#### TASK TO CARRY OUT:
Each line below should be repeated exactly, but no picture should be carried over.

================================

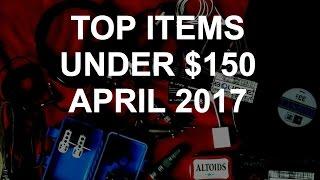 DJ Deals - Top Items Under $150 April 2017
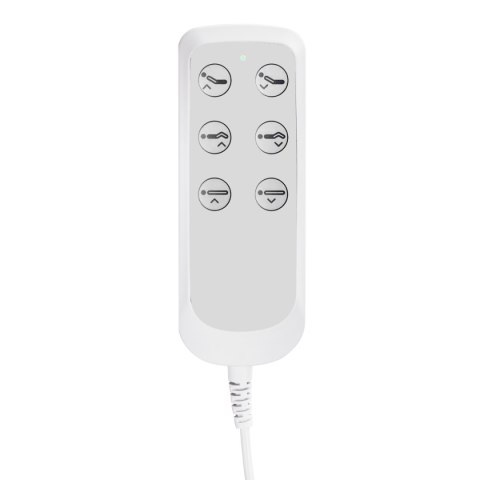 Fotel kosmetyczny elektryczny 2240K Eclipse 3 siln. czarny z kołyską
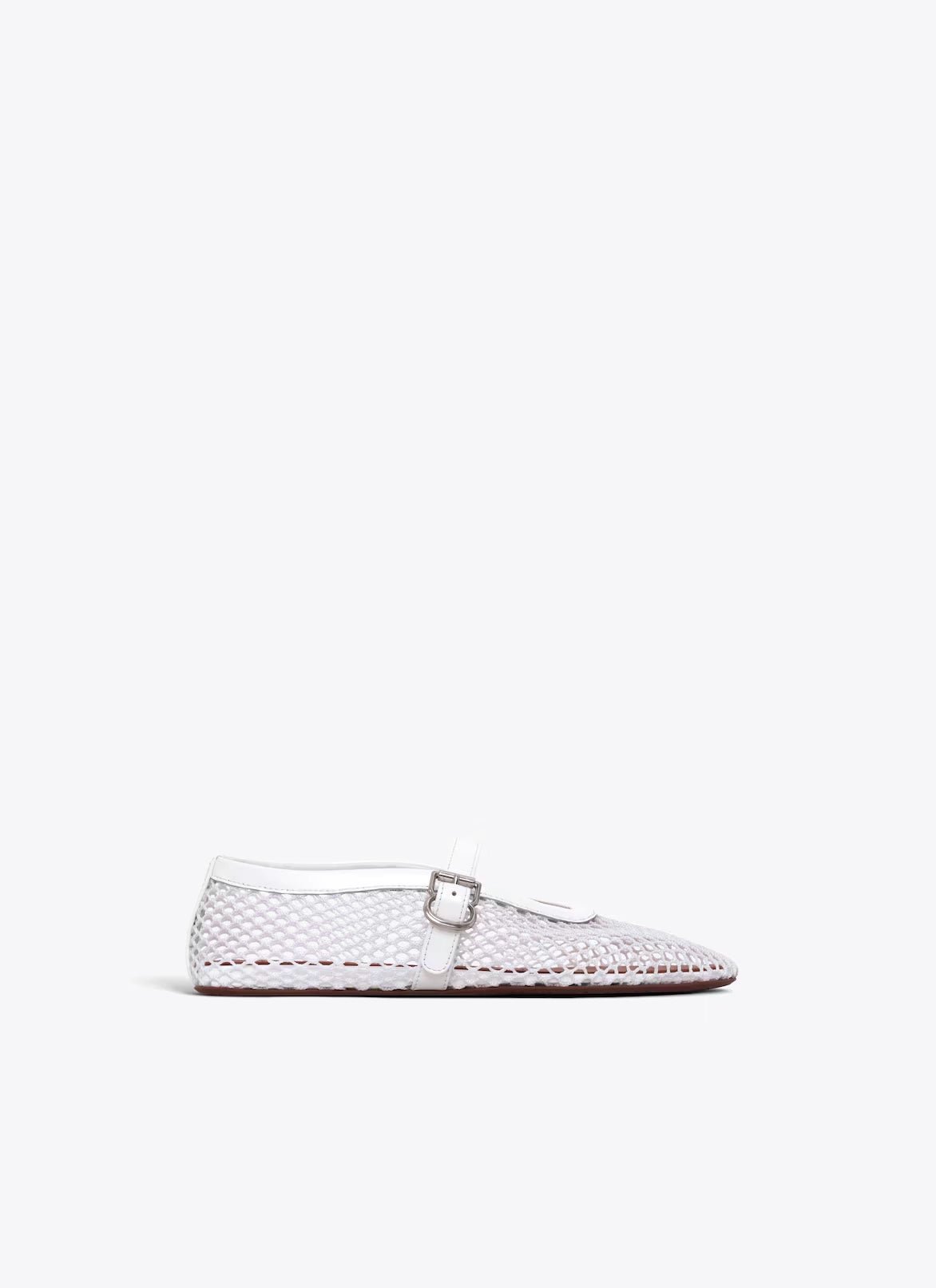 Elena London Ballet Flats - White - Image 3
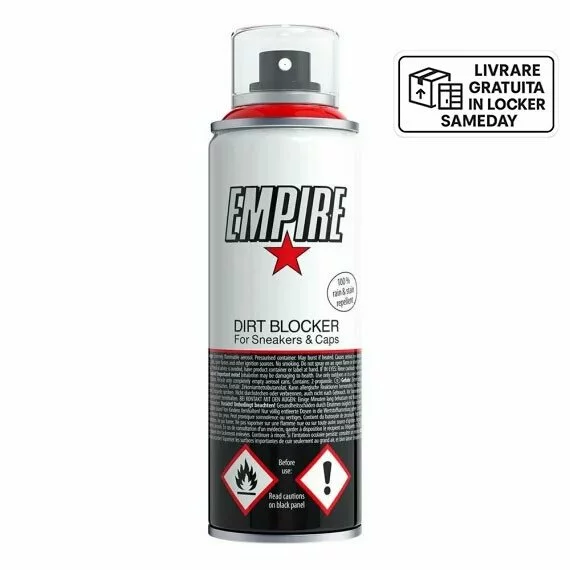 Solutie intretinere incaltaminte Empire Dirt Blocker, 200ml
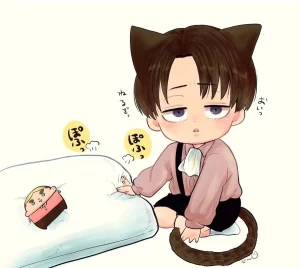 Tổng Hợp 119+ Ảnh Levi Chibi Cựccute Đốn Tim Fan Attack on Titan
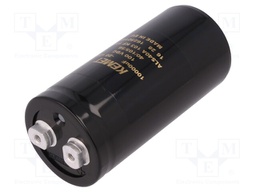 Capacitor: electrolytic; 10000uF; 100VDC; Leads: screw; ESR: 21mΩ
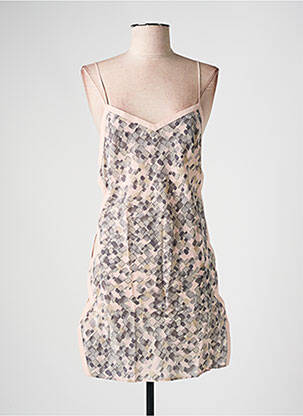 Nuisetă/combinetă maro MARJOLAINE femeie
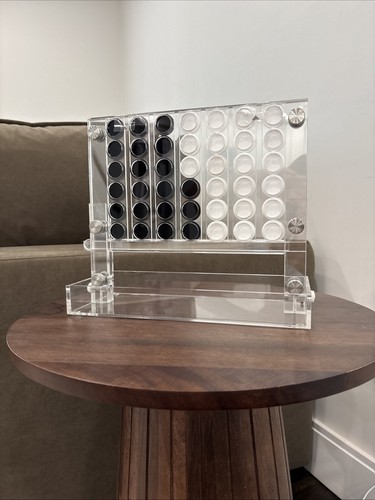 Connect four tavolo acrilico - four,
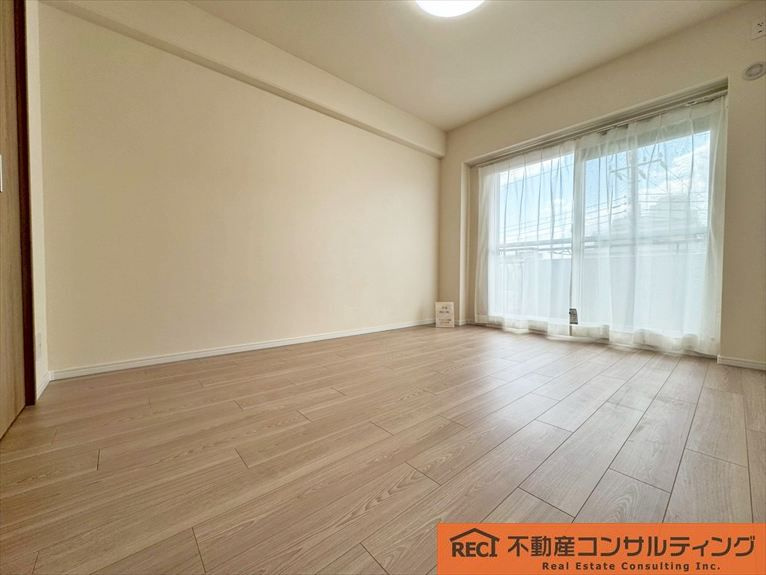 ファミール東灘の寝室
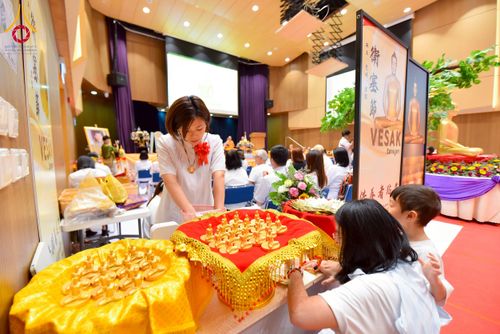 ภาพ No.224888:วันที่ 11 พฤษภาคม พ.ศ. 2568 วัดพระธรรมกายฮ่องกง จัดงานบุญเนื่องในวันวิสาขบูชา วันสำคัญสากลของโลก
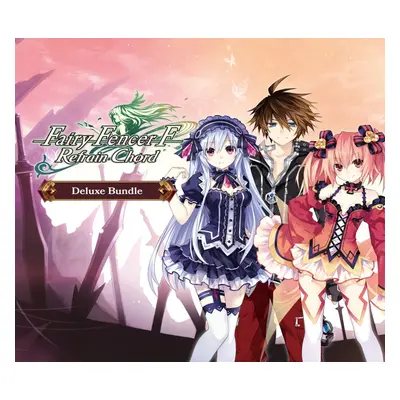 Fairy Fencer F: Refrain Chord - Deluxe Bundle DLC Pack EU PS5 CD Key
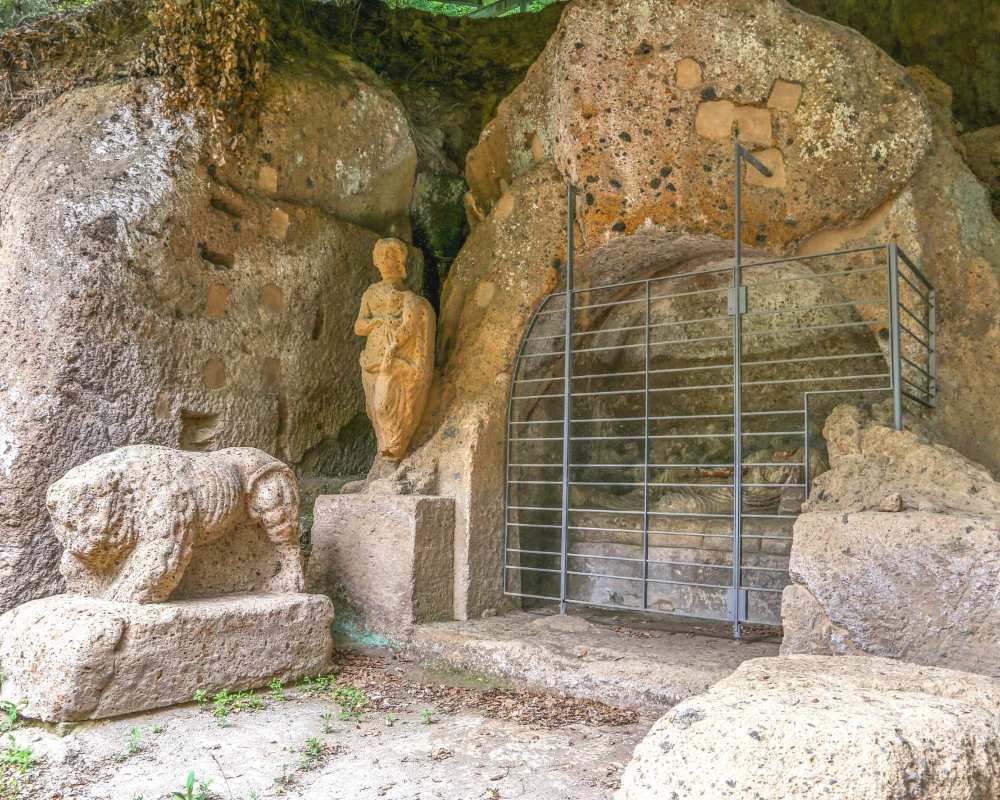 Necropoli etrusca di Sovana
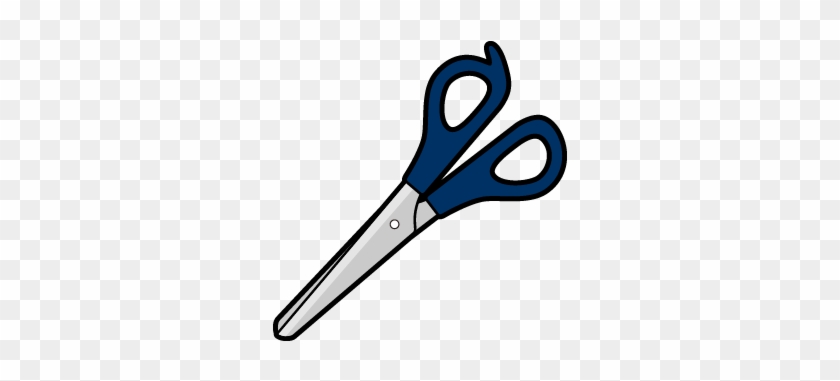 Scissors Icon Clip Art Png - Scissors Clipart Png #250912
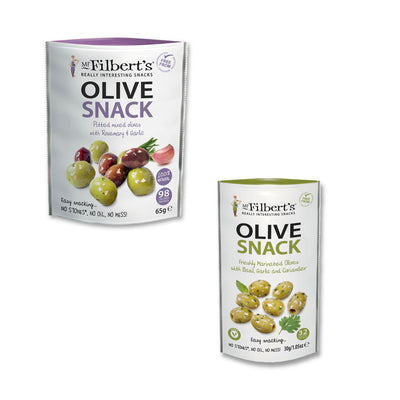 Mr Filberts Olives Snacks & Nibbles The Ethical Gift Box (DEV SITE)   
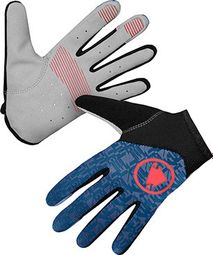 Guantes largos Endura Hummvee Lite Icon Mujer Arándano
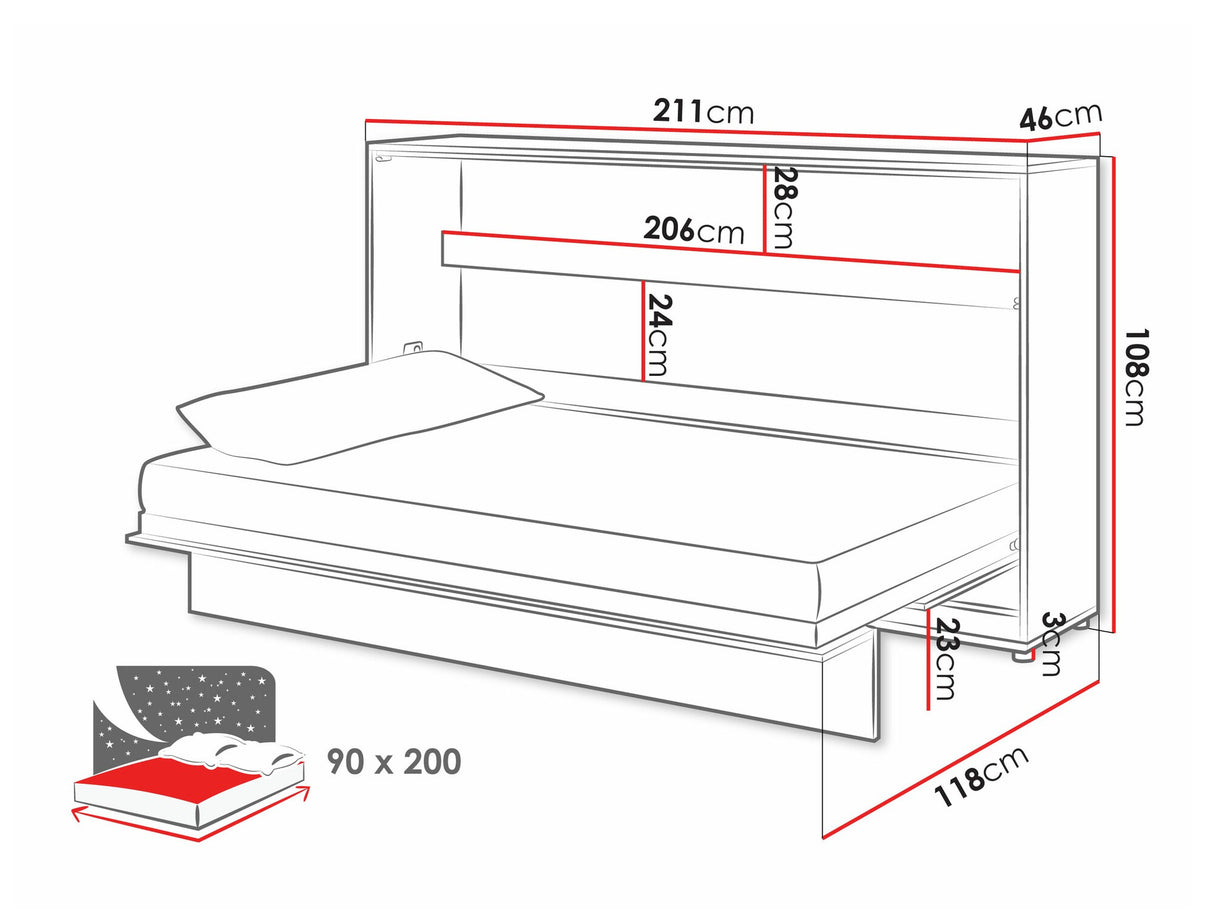 Baldų komplektas 485560 4055103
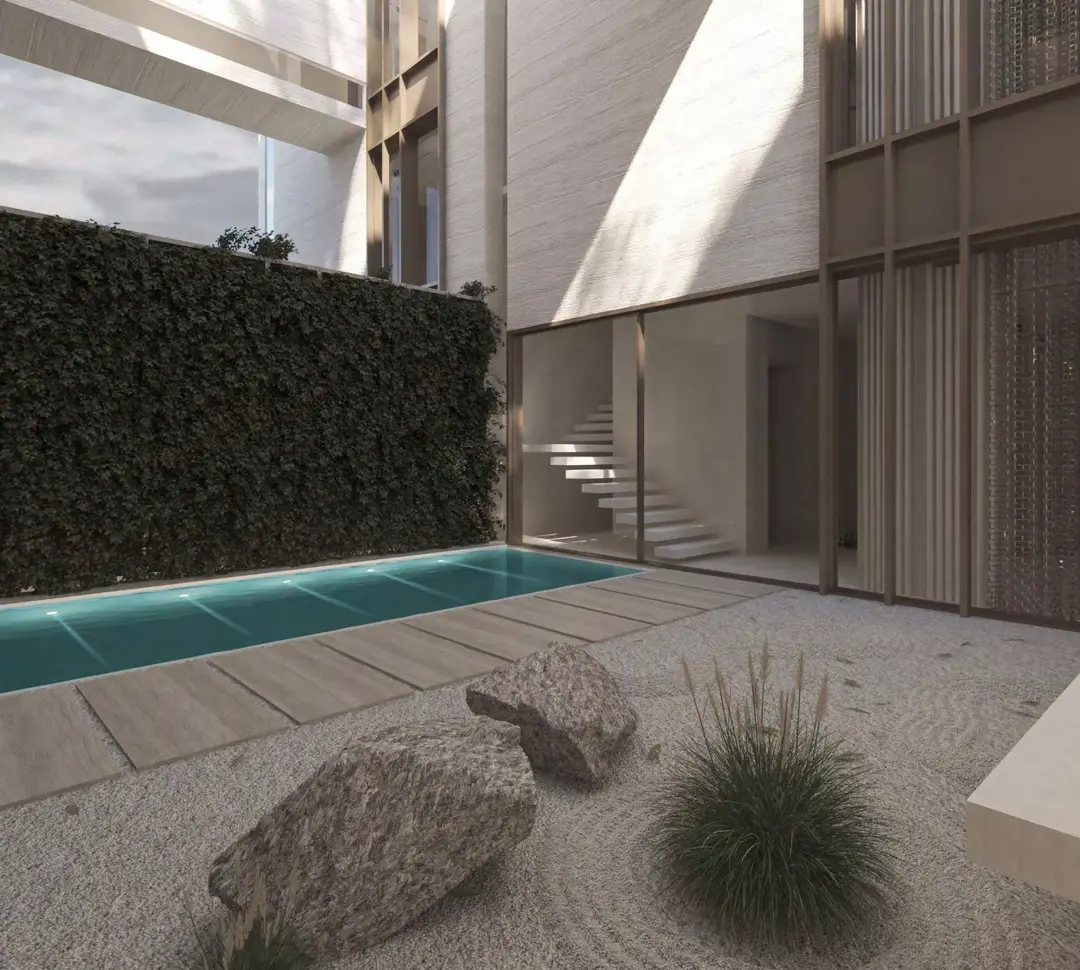 Keturah Reserve — Swimming Pools — Indoor Pool — amenity | Profound Properties, Dubai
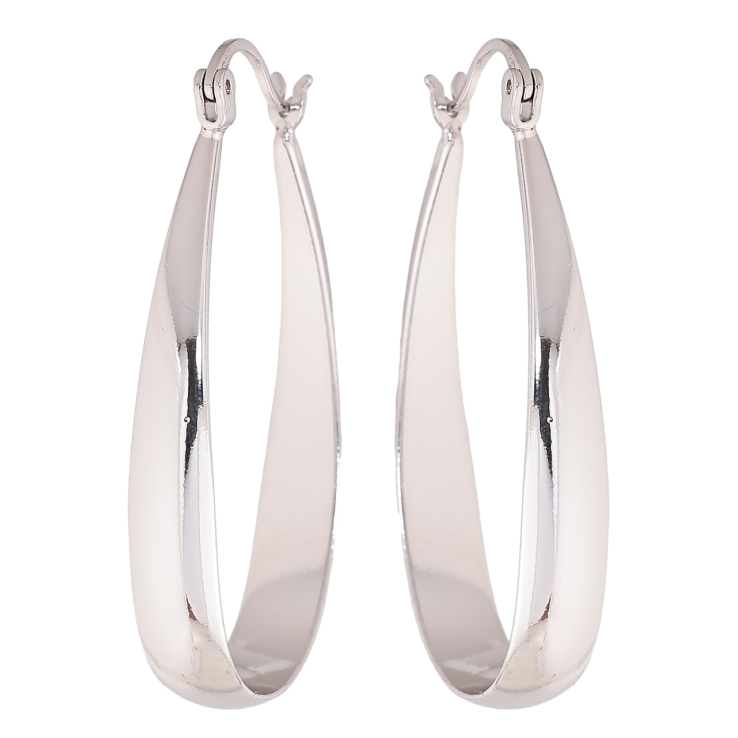 Сережки Xuping колір Родій замок-шпилька Декоративні фото №25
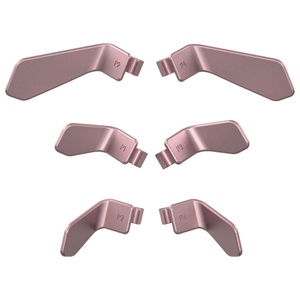 EXtremeRate Paddles arrière de remplacement métalliques Rose Gold pour manettes Xbox One Elite et Elite 2 - Product Image 2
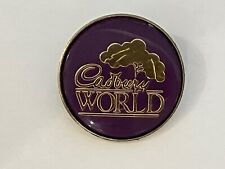 CADBURY WORLD PIN BADGE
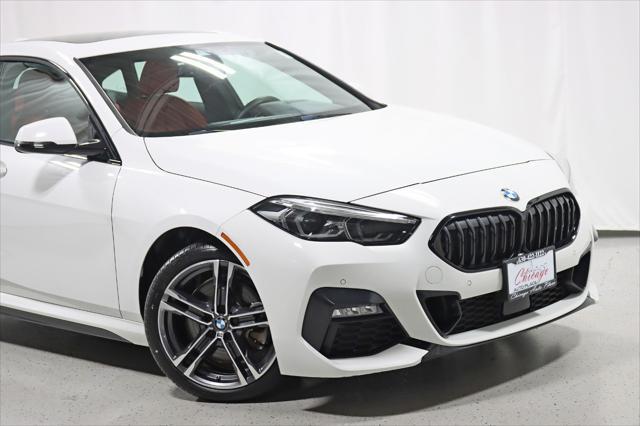 used 2021 BMW 228 Gran Coupe car, priced at $31,888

================================

#### ANSWER TO THE EXERCISE:
 DJ Deals - Top Items Under $150 April 2017
 Fotel kosmetyczny elektryczny 2240K Eclipse 3 siln. czarny z kołyską
 Elena London Ballet Flats - White - Image 3
 Solutie intretinere incaltaminte Empire Dirt Blocker, 200ml
 Tổng Hợp 119+ Ảnh Levi Chibi Cựccute Đốn Tim Fan Attack on Titan
 Capacitor: electrolytic; 10000uF; 100VDC; Leads: screw; ESR: 21mΩ
 Nuisetă/combinetă maro MARJOLAINE femeie
 Connect four tavolo acrilico - four,
 ファミール東灘の寝室
 ภาพ No.224888:วันที่ 11 พฤษภาคม พ.ศ. 2568 วัดพระธรรมกายฮ่องกง จัดงานบุญเนื่องในวันวิสาขบูชา วันสำคัญสากลของโลก
 Fairy Fencer F: Refrain Chord - Deluxe Bundle DLC Pack EU PS5 CD Key
 Necropoli etrusca di Sovana
 Scissors Icon Clip Art Png - Scissors Clipart Png #250912
 Mr Filberts Olives Snacks & Nibbles The Ethical Gift Box (DEV SITE)   
 Guantes largos Endura Hummvee Lite Icon Mujer Arándano
 Baldų komplektas 485560 4055103
 Keturah Reserve — Swimming Pools — Indoor Pool — amenity | Profound Properties, Dubai
 Сережки Xuping колір Родій замок-шпилька Декоративні фото №25
 EXtremeRate Paddles arrière de remplacement métalliques Rose Gold pour manettes Xbox One Elite et Elite 2 - Product Image 2
 CADBURY WORLD PIN BADGE
 used 2021 BMW 228 Gran Coupe car, priced at $31,888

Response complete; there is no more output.